Aggregate Demand and Aggregate Supply
This chapter introduces the Aggregate Demand/Aggregate Supply model of macroeconomics. Read the introduction and Section 1 to learn about Aggregate Demand and the three effects (weath, interest rate, and international trade) that cause the downward slope. Recall the difference between quantity demanded and demand - the same logic applies to Aggregate Demand. Identify the variables that change (shift) the Aggregate Demand curve. Read this chapter and attempt the "Try It" exercises. You will revisit certain sections of the chapter later in this unit.
Recessionary and Inflationary Gaps and Long-Run Macroeconomic Equilibrium
- Explain and illustrate graphically recessionary and inflationary gaps and relate these gaps to what is happening in the labor market.
- Identify the various policy choices available when an economy experiences an inflationary or recessionary gap and discuss some of the pros and cons that make these choices controversial.
The intersection of the economy's aggregate demand and short-run aggregate supply curves determines equilibrium real GDP and price level in the short run. The intersection of aggregate demand and long-run aggregate supply determines its long-run equilibrium. In this section we will examine the process through which an economy moves from equilibrium in the short run to equilibrium in the long run.

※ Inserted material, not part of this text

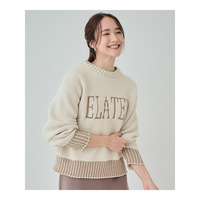 【S-LL】もちもち感がたまらない モールロゴリブ切替ニット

The long run puts a nation's macroeconomic house in order: only frictional and structural unemployment remain, and the price level is stabilized. In the short run, stickiness of nominal wages and other prices can prevent the economy from achieving its potential output. Actual output may exceed or fall short of potential output. In such a situation the economy operates with a gap. When output is above potential, employment is above the natural level of employment. When output is below potential, employment is below the natural level.